Played out of position at left centre by axed coach Anthony Seibold, Boyd's poor defensive reads became all too common and the veteran was hammered again even after regaining his No. 1 jersey when he was left stranded by forward Nat Butcher during a 58-12 loss to the Roosters in Round 16.
But the recent on-field difficulties he's faced only tell a minute part of the Darius Boyd story.
After announcing earlier in the year this season would be his last, the 33-year-old will play his final NRL game against North Queensland - and his career makes for remarkable reading.
Seventeen tries in 28 Origins for Queensland, 337 first grade games and 23 Tests for Australia - all victories, making him the most-capped Kangaroo in a 112-year history to never taste defeat in the green and gold - are the real talking points of Boyd's journey.
An automatic selection in the Maroons' and Kangaroos' star-studded backlines, the fullback/winger was always one of the most reliable players on the field during his decade-long representative career.

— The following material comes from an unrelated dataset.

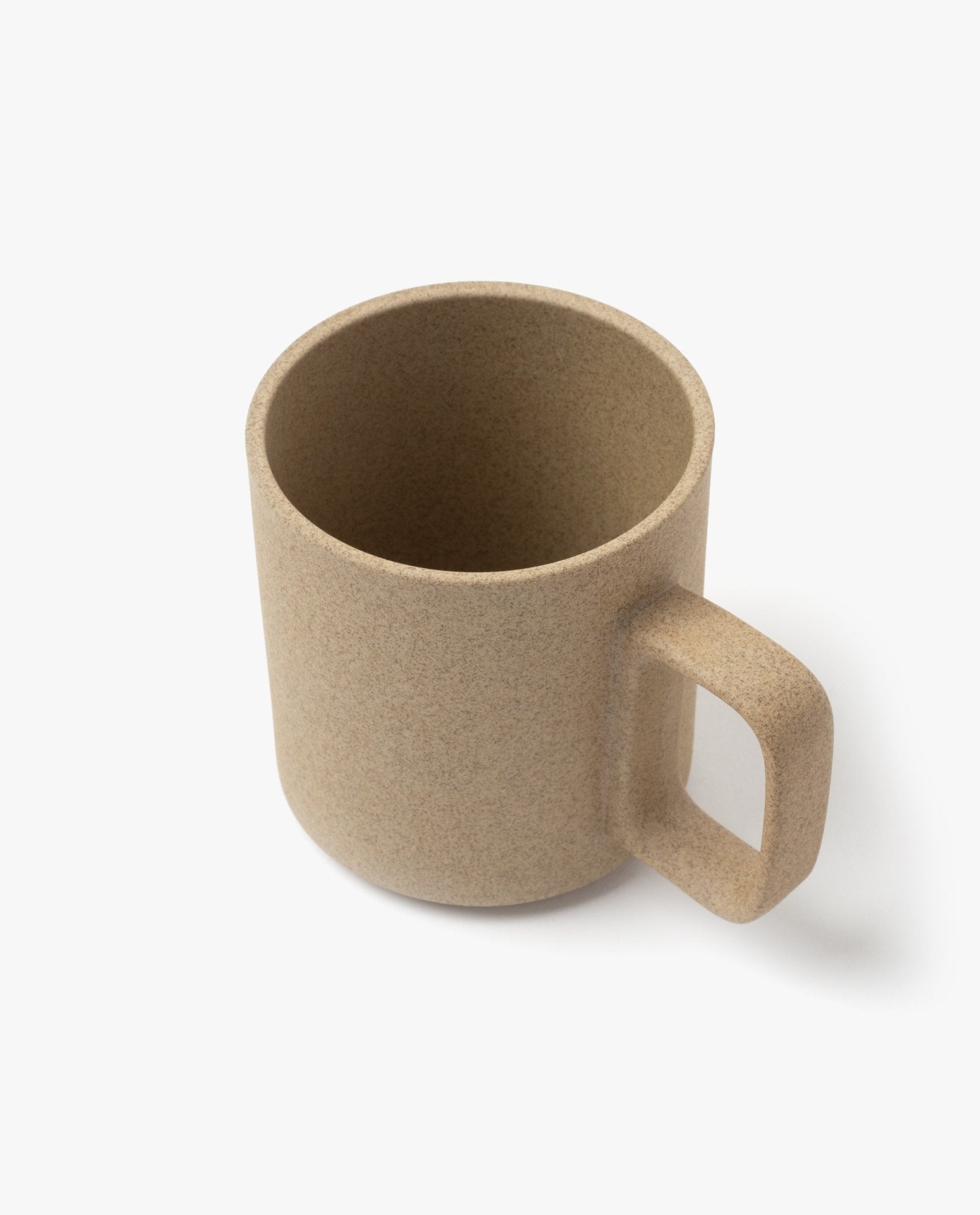 A Hasami Porcelain Mug (Natural) in beige with a textured ceramic finish, featuring a large, square-shaped handle inspired by Japanese ceramics, displayed on a plain white background.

Not as monstrous as Greg Inglis or as mesmerising as Billy Slater, Boyd always found a way to cross the stripe at one end and protect it with his life at the other.
Beyond his work on the football field, Boyd's transformation from surly young man with a chip on his shoulder to one of rugby league's most respected leaders is the achievement that deserves to be celebrated most as he enters retirement.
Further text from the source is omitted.